In 1981, my family and I moved to Houston, Texas where there were plenty of opportunities to play with local and regional touring country and western swing groups. It was there, in Houston, that my real musical education began to take place. To play in a band, you had to know every intro, turnaround, signature lick, and ride from 1940s Ernest Tubb on up. In those days there was a steady jam session at a place called Franks Ice House on Waugh Street where I would listen to, and sometimes sit in with, some of the great local musicians from that time - Cliff Bruner, Bucky Meadows, Herb Remington, Ernie Hunter, and various older western swing musicians. The recordings these people made are great, but it's difficult to describe how wonderful they sounded live. Also, during this time, I drove down to the Third Ward every week to study jazz improvisation with the late Dr. Conrad Johnson whose pentatonic approach to improvisation really opened up improvising for me. I found that I could play across chord progression rather than endlessly trying to connect scales with the different chords. Houston was booming in those years, and the dance halls were full, so I worked quite a bit.

However, at the same time, as much as I loved (and continue to love) playing country music, I also felt a longing and a pull that's difficult to explain with words for something that had been with me for as long as I could remember and could not ignore - my original fascination with the mysteries of sound and the vast musical possibilities of dissonance. I began writing my own material. Eventually I was able to find a few good musicians in the Houston area with whom I could share, to some extent, my musical vision, and we began performing my compositions live. However, the audience and the appreciation weren't there.
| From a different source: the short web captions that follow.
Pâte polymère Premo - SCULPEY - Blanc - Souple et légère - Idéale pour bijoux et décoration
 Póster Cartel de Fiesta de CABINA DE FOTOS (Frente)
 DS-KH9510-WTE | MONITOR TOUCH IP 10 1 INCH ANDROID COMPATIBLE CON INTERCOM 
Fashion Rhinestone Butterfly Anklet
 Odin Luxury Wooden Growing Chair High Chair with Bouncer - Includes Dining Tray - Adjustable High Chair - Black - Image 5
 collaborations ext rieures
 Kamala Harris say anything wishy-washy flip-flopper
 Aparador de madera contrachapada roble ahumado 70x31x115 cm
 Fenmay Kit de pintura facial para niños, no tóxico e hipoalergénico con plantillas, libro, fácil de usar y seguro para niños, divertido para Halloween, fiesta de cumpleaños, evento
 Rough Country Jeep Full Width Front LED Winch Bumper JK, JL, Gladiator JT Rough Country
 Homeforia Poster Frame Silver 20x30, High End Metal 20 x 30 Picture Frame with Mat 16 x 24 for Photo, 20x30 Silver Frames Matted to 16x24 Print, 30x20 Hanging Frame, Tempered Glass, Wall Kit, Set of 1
Then in 1990 a musical watershed came when I met, spent time, and eventually collaborated with the composer and philosopher Pauline Oliveros who introduced me to her Deep Listening approach to music (and life) a way of listening, relating to, and playing in which all notes, harmony, melodies, composition, people, and space were approached, from within and without, through the basis of listening deeply and closely to the sound itself and to the space in which it occurs, free from preconceptions.

In 1997 I was asked by David Dove, a trombonist who would later play on my Uma CD, to perform solo at for an event called Twelve Minutes Max at an arts space in Houston called Diverse Works. I could do anything I wanted as long as it was no longer than . . . twelve minutes. There were pieces I had written and musicians who could play them, but for twelve minutes, it hardly seemed worth it, so I decided to do this with absolutely no preconceptions, nothing planned, and, if possible, no melody running through my head. I had never played solo before and was scared out of my wits. That night I walked onto the stage, sat at my steel guitar, looked the audience in the eye (that way, I thought, it would be more difficult to retreat into a world of my own), and when the moment felt right, I touched my picks to the strings and began to play, hopefully something that would connect with these people on a deep level as human beings. The experience was liberating; there was absolutely nothing to hide behind - not personality, not virtuosity, not pleasant melodies, only myself, the steel guitar (a vibrant personality in itself), the audience, and the room. The result was a sense of intimacy with the space and the audience that I had never before experienced as a musician.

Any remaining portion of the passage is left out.